§ Data supplied:

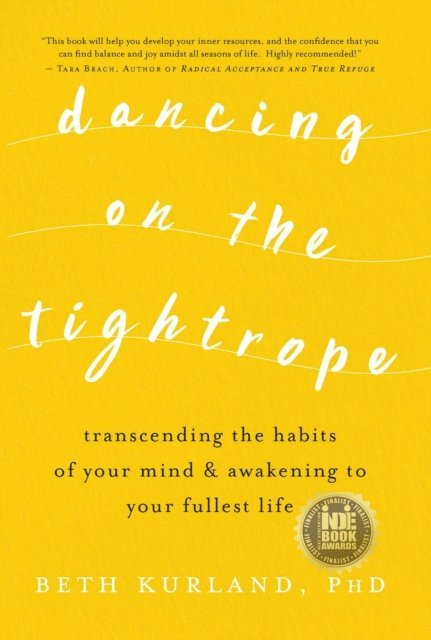 Beth Kurland - Dancing on the Tightrope: Transcending the Habits of Your Mind & Awakening to Your Fullest Life, E-bok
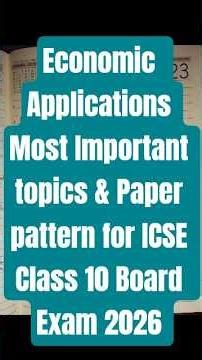 Economic Applications Most Important topics & Paper pattern for ICSE Class 10 Board Exam 2026 #exam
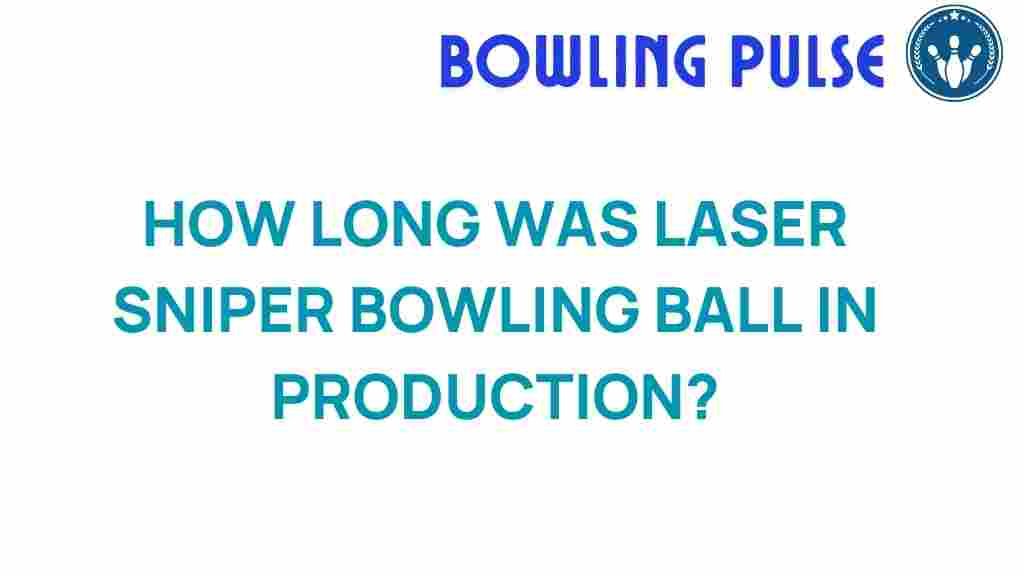 laser-sniper-bowling-balls-production-timeline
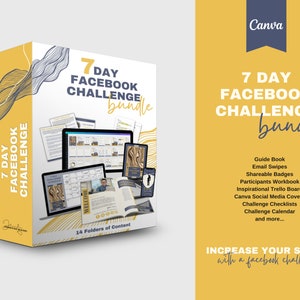 7 DAY FACEBOOK CHALLENGE Bundle.  Guide book, workbook, email swipes, trello board, checklists, scheduler, facebook covers and prompts.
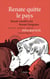 Renate quitte le pays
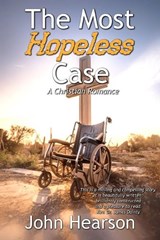 The Most Hopeless Case - John Hearson - 9781917411615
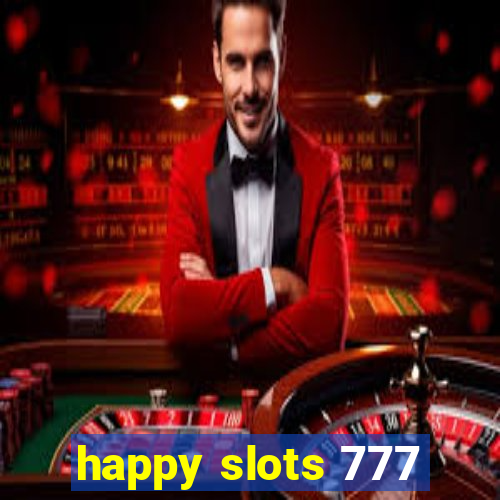 happy slots 777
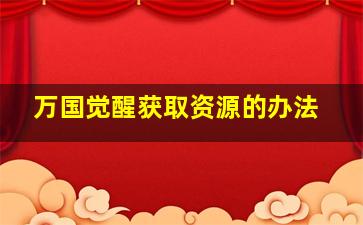 万国觉醒获取资源的办法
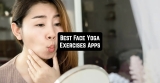5 Best Face Yoga Exercises Apps For Android & iOS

§ What to work on: Write out exactly the lines running from the one with "The Most Hopeless" through the end of the material, both ends included, while leaving the pictures out.

§ Your response:
 The Most Hopeless Case - John Hearson - 9781917411615
 happy slots 777
 万国觉醒获取资源的办法
5 Best Face Yoga Exercises Apps For Android & iOS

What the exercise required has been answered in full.